Hardware note: don't blow it up

When driving LEDs with multiplexing or charlieplexing, it is not uncommon to omit current limiting resistors. Since the grid is scanned, only a few LEDs will be on at once, and all LEDs spend most of their time off. If the supply voltage lies between the typical forward voltage, and the peak instantaneous voltage, we can figure out the largest acceptable duty cycle and enforce this in software. However, now one must ensure that software glitches do not cause the array scanning to stall, or that LEDs can survive a period of elevated forward voltage.

Microcontrollers will have a maximum safe current per IO pin. Sometimes, you can rely on the microcontroller to limit current to this level. Other times, attempting to force more than the maximum rating through a pin will damage the microcontroller. You can ensure that this never happens in software by never turning on more LEDs than a single IO pin can handle. Or, you can use tri-state drivers. If your microcontroller limits over-current, you can probably turn on as many LEDs as you want at once, but they will dim exponentially with the reduction in current per LED.

Combining devices

There is nothing stopping us from combining different types of LED modules, or LEDs and buttons, in our grid. However, buttons conduct in both the forward and backward direction, so they occupy both the anode-cathode and cathode-anode positions for any pair of pins. I represent this as a black and white pair of buttons in the grid drawing.
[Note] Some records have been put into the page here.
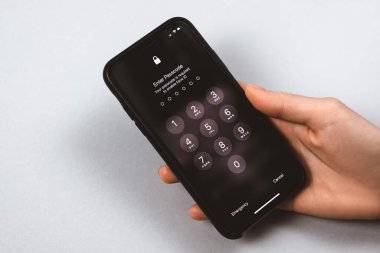 iPhone kilidi ekranı iOS 'un elinde. Parola menüsü. Yüksek kalite fotoğraf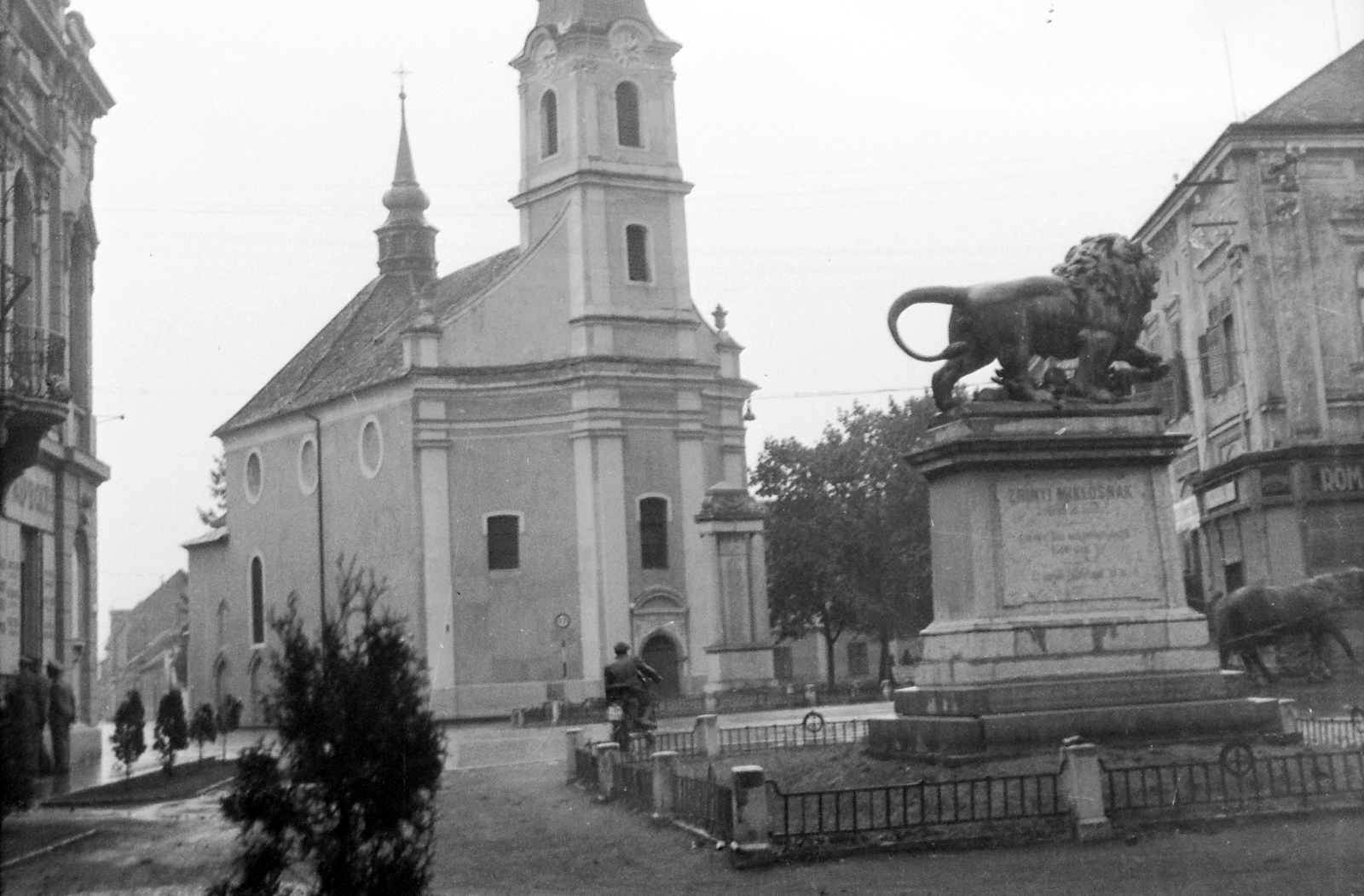 Hungary, Szigetvár, Zrínyi tér a Szent Rókus templom és az Oroszlán-szobor., 1950, Gyöngyi, lion, stone lion, Fortepan #10939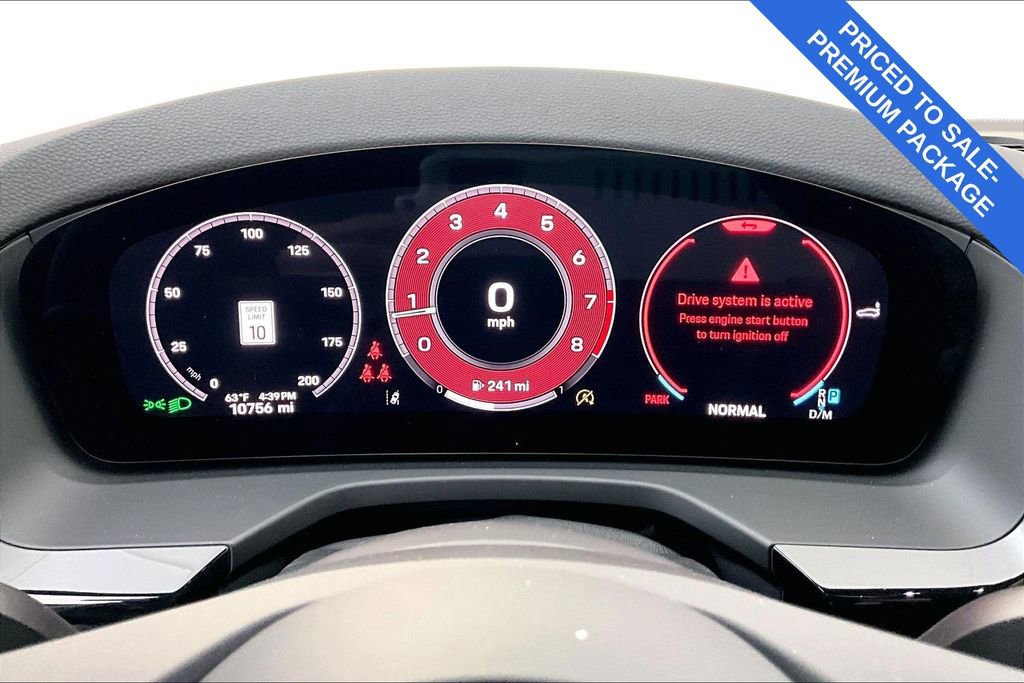 Used 2025 Porsche Panamera 4 w/ Premium Package image 28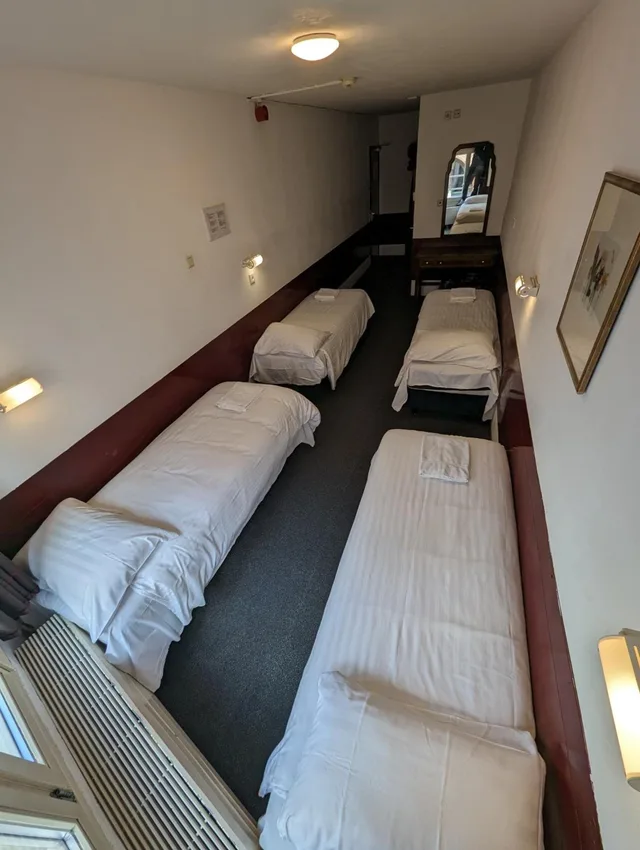 غرفة رباعية، Budget Hotel Ben 3/9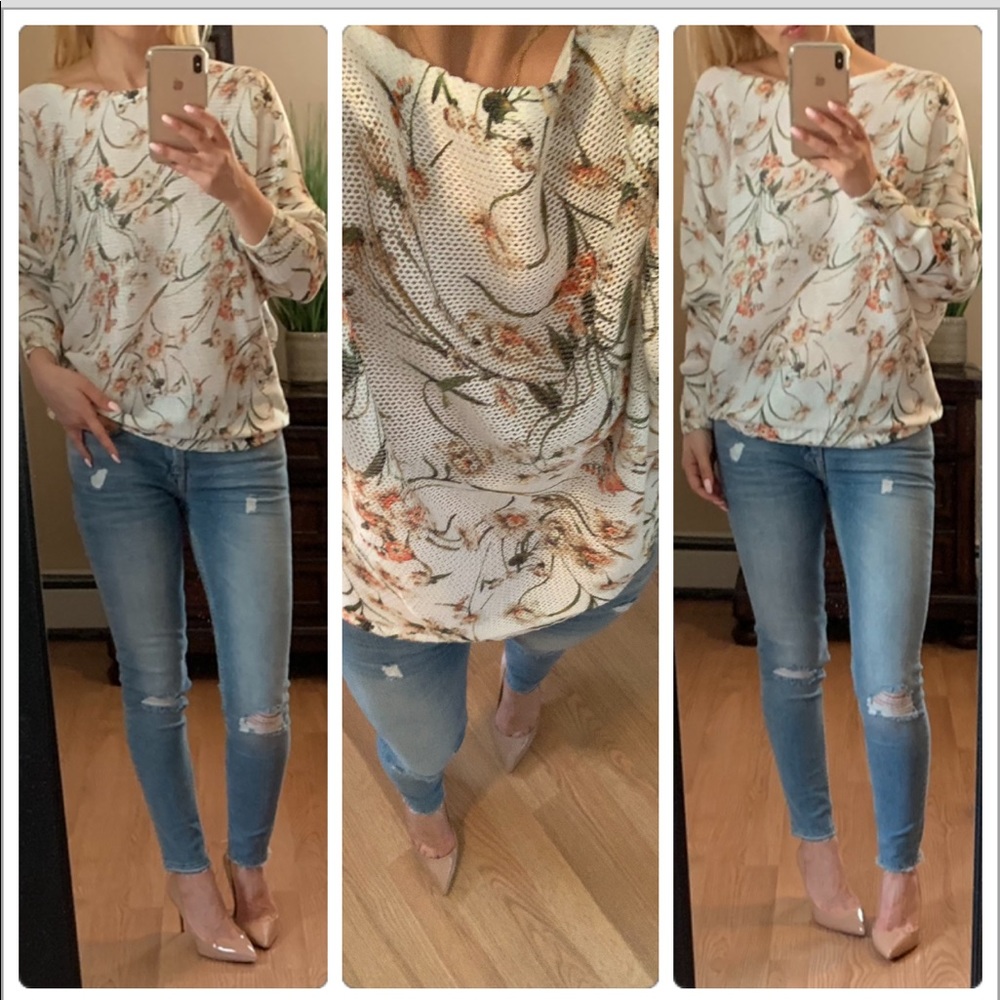 Last 2💗Ivory Rose spring top - Picture 5 of 8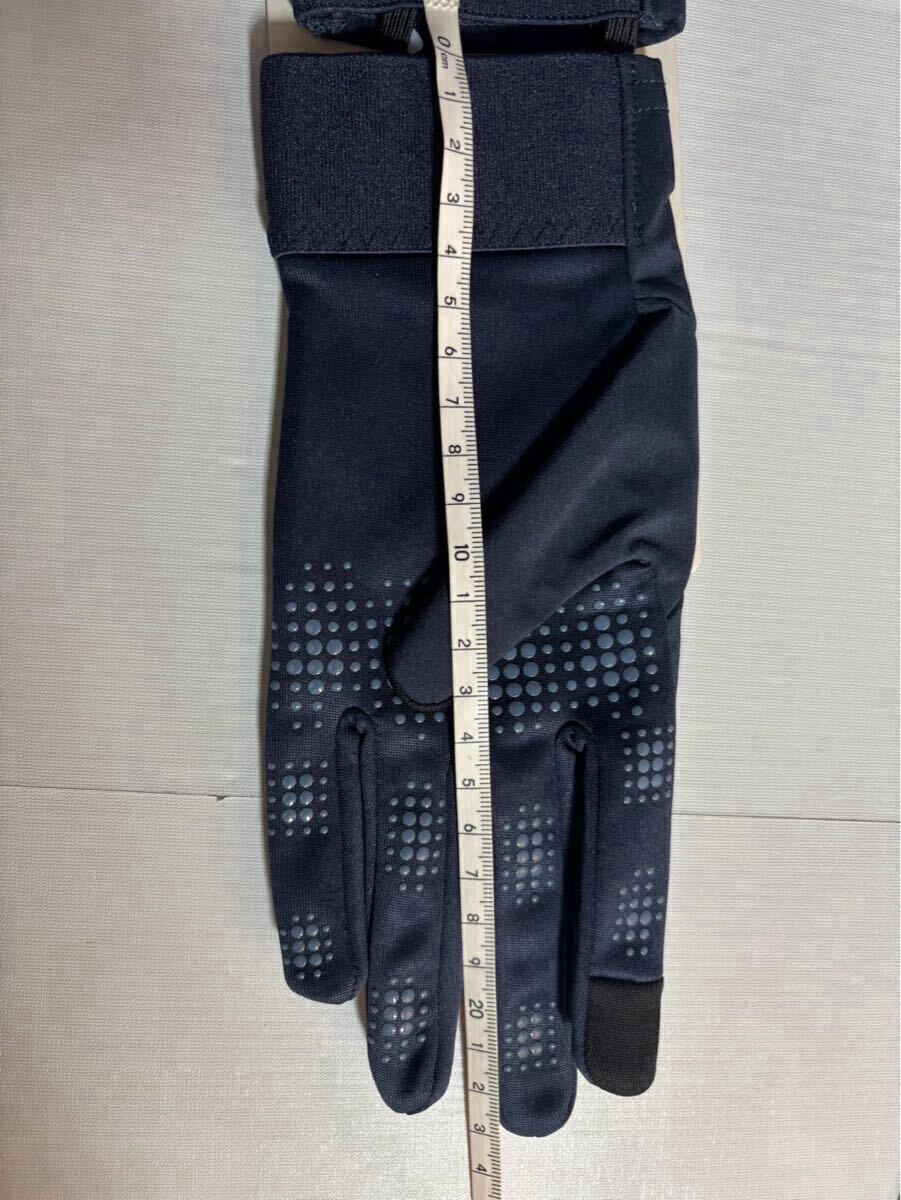 アディダス　adidas 防寒手袋 スマホ対応 ベーシック フィットグローブ　Sサイズ ネイビー　_画像4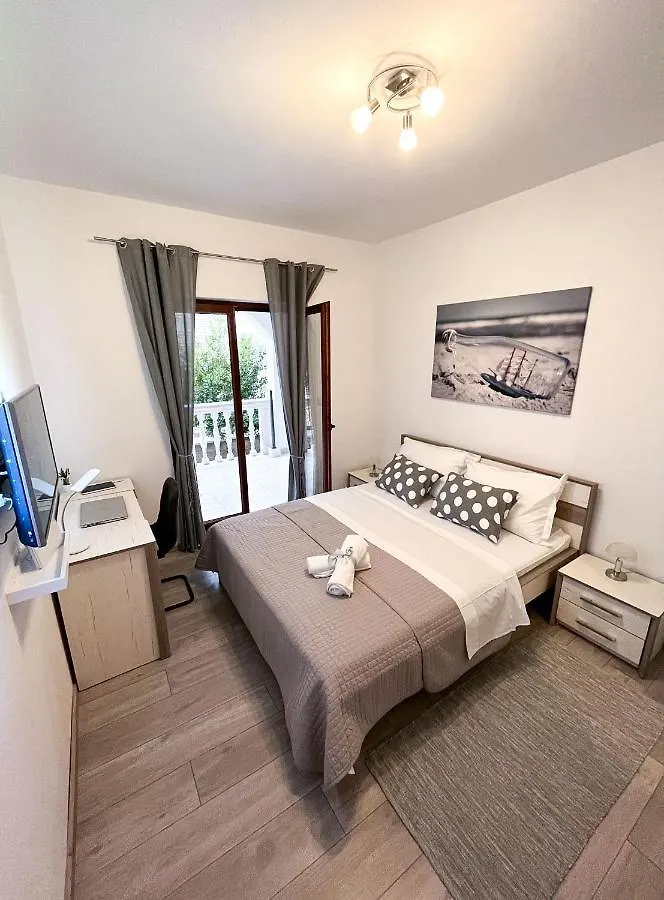 Apartments T&T Trogir 0*,  Croatia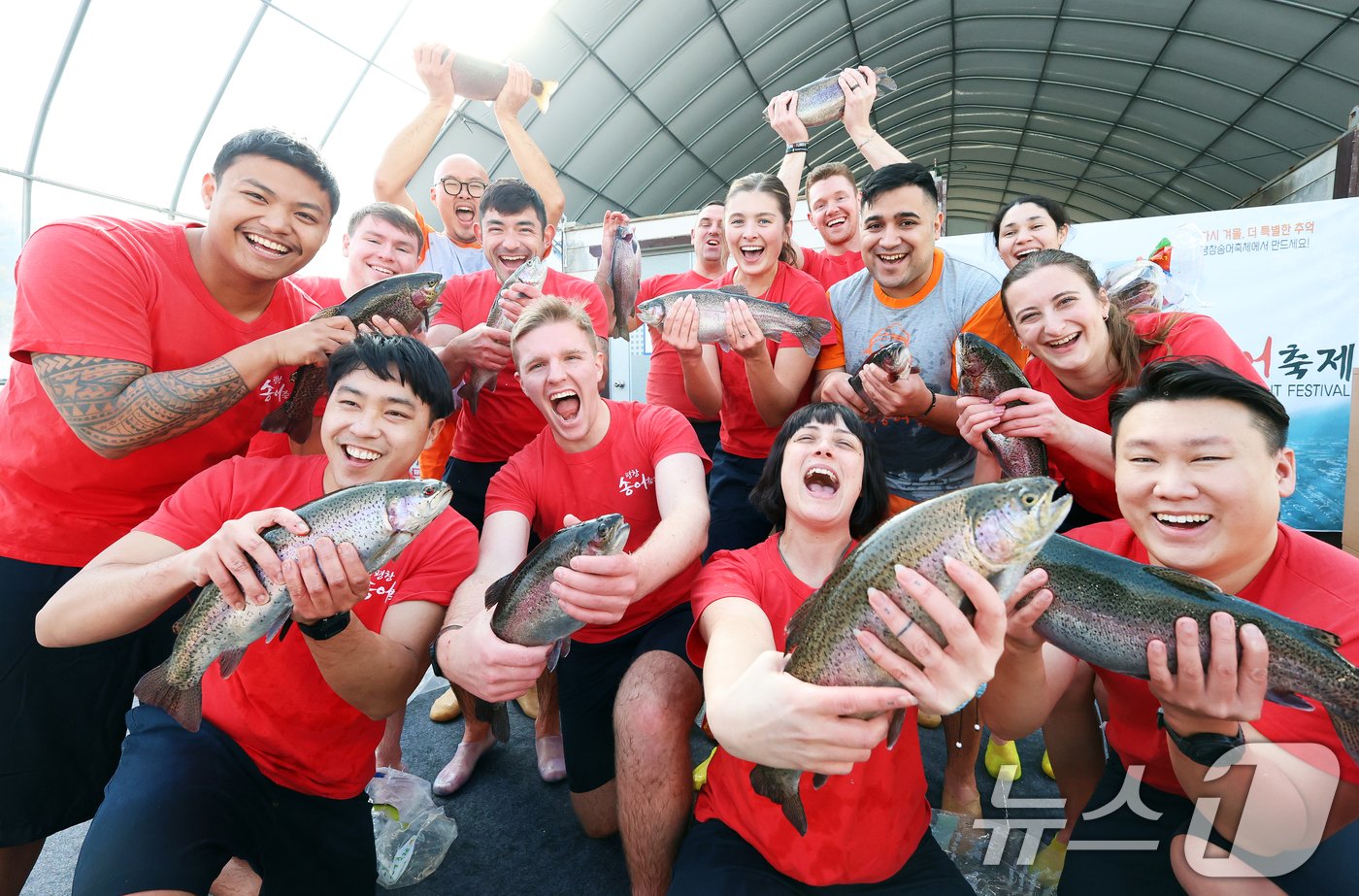 본문 이미지 - 절기상 소한(小寒)인 지난 5일 오후 강원 평창군 진부면 오대천 일원에서 제16회 평창송어축제를 찾은 주한 미군 가족들이 맨손송어잡기 체험을 즐기고 있다.(평창군 제공) 2025.1.5/뉴스1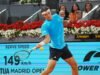 Roland-Garros: após quase 5 horas de luta contra Mariano Navone, Jakub Mensik desmaia no meio da quadra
For example, one could get an acceptable calculator with 6 display digits and 21 buttons onto 10 pins if you use a mix of common-cathode and common-anode 7-segment displays like so:



You could probably get a pretty decent mini-game using the space left over from Charlie-muxing four 5x7 modules on 16 pins. There is enough room to fit 17 buttons and 6 7-segment displays (shown as earth-tone strips below):



For the grand finale, we revisit the six 5x7 modules on 18 pins. Apart from giving us a grid large enough to hold classic Tetris, we also have room for 18 buttons, 6 7-segment displays (shown as earth-tone strips below), with 12 single-LED spots left over -- all on 18 pins. On an AtMega, this would leave 5 IO pins free -- enough room to fit a serial interface, piezo speaker, and crystal oscillator. Programming, however, would be a challenge.***

Hardware note: combining different LED colors in one grid

There are problems with combining different LEDs in one grid. If two LEDs with different forward voltages are placed on the same, say, cathode, then the one with the lower forward voltage can hog all the current, and the other LED won't light. I have found that ensuring in software that LEDs with mixed forward voltages are never illuminated simultaneously solves this problem.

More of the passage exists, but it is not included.